ASSIGNMENT
Give every entry again, word for word and in full.
· · · · ·
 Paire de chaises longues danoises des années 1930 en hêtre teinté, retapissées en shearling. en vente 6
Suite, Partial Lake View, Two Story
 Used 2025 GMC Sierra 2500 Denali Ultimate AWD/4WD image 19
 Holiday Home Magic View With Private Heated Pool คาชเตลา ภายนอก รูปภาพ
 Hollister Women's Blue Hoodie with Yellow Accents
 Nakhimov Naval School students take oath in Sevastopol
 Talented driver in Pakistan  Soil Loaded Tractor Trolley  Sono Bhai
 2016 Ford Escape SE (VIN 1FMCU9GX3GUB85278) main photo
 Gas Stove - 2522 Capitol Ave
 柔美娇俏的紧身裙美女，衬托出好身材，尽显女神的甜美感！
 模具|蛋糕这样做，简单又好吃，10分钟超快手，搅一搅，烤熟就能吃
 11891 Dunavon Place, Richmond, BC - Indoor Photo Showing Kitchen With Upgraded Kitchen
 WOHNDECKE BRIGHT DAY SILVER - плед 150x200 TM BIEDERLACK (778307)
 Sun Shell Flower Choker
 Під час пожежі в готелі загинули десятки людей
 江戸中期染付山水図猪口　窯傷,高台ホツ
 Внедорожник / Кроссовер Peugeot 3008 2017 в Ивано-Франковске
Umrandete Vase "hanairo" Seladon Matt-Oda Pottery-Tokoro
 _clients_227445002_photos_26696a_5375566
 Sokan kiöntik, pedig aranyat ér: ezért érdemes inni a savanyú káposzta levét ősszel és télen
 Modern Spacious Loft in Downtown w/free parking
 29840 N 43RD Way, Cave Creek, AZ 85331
· · · · ·
ANSWER FOR THIS EXERCISE
 Paire de chaises longues danoises des années 1930 en hêtre teinté, retapissées en shearling. en vente 6
Suite, Partial Lake View, Two Story
 Used 2025 GMC Sierra 2500 Denali Ultimate AWD/4WD image 19
 Holiday Home Magic View With Private Heated Pool คาชเตลา ภายนอก รูปภาพ
 Hollister Women's Blue Hoodie with Yellow Accents
 Nakhimov Naval School students take oath in Sevastopol
 Talented driver in Pakistan  Soil Loaded Tractor Trolley  Sono Bhai
 2016 Ford Escape SE (VIN 1FMCU9GX3GUB85278) main photo
 Gas Stove - 2522 Capitol Ave
 柔美娇俏的紧身裙美女，衬托出好身材，尽显女神的甜美感！
 模具|蛋糕这样做，简单又好吃，10分钟超快手，搅一搅，烤熟就能吃
 11891 Dunavon Place, Richmond, BC - Indoor Photo Showing Kitchen With Upgraded Kitchen
 WOHNDECKE BRIGHT DAY SILVER - плед 150x200 TM BIEDERLACK (778307)
 Sun Shell Flower Choker
 Під час пожежі в готелі загинули десятки людей
 江戸中期染付山水図猪口　窯傷,高台ホツ
 Внедорожник / Кроссовер Peugeot 3008 2017 в Ивано-Франковске
Umrandete Vase "hanairo" Seladon Matt-Oda Pottery-Tokoro
 _clients_227445002_photos_26696a_5375566
 Sokan kiöntik, pedig aranyat ér: ezért érdemes inni a savanyú káposzta levét ősszel és télen
 Modern Spacious Loft in Downtown w/free parking
 29840 N 43RD Way, Cave Creek, AZ 85331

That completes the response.